映画好きの柴犬

アルプススタンドのはしの方の映画好きの柴犬のレビュー・感想・評価

4.0
どうして撮影許可しなかったんだ、甲子園球場💢

 甲子園に出場した野球部の応援のため、アルプススタンドのはしに居合わせた四人。それまで親しくなかった四人が、何かを諦めてきた高校生活の思いを応援にぶつける青春映画の秀作。

 元は、出演者が四人だけの高校演劇ってことで、非常にミニマムな作り。映画化で登場人物を少し増やしているけど、節度のある膨らませかたなのが好印象。特に、高校野球が題材なのにグラウンド側を一切映さないという割り切りは英断。「桐島、部活やめるってよ」の桐島同様、野球部員は四人の会話の中にしか登場しない。それによって、四人が野球部員に対して抱いている思いを先入観なく伝えることに成功してる。

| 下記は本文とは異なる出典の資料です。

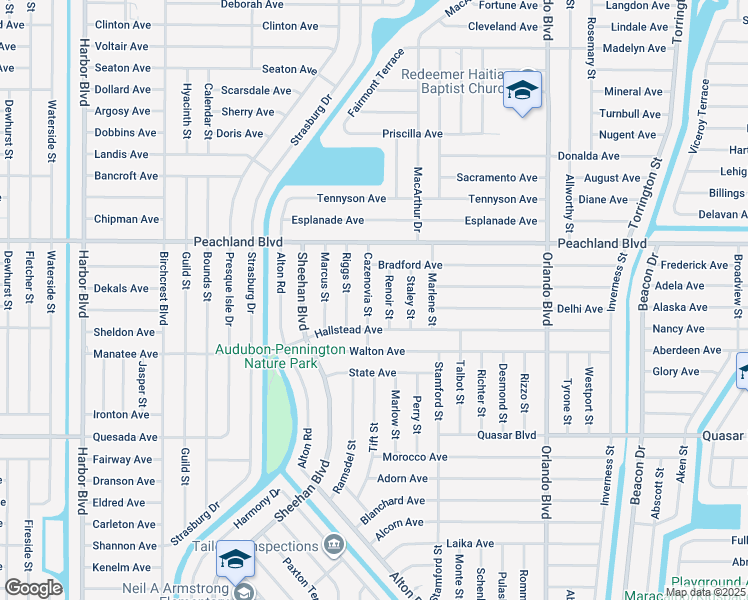 map of restaurants, bars, coffee shops, grocery stores, and more near 1088 Cazenovia Street in Port Charlotte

 主要キャストの四人は、舞台版からの続投ということもあるのか、役柄にぴったりあってるし、役を自分のものにしてる感じがあった。メジャーな役者さんじゃないのも、逆に普通ぽくて良い。

 終盤にかけて盛り上がっていく展開は、舞台だと場の一体感で気にならないけど、映画だとちょっとあざとい感じがしちゃったかな。エピローグの後日談も人によって捉え方が分かれそう。でも、「ここは退屈迎えに来て」みたいに、変に現実を突きつけられるよりも、前向きな高揚感がはるかに気持ちよかった。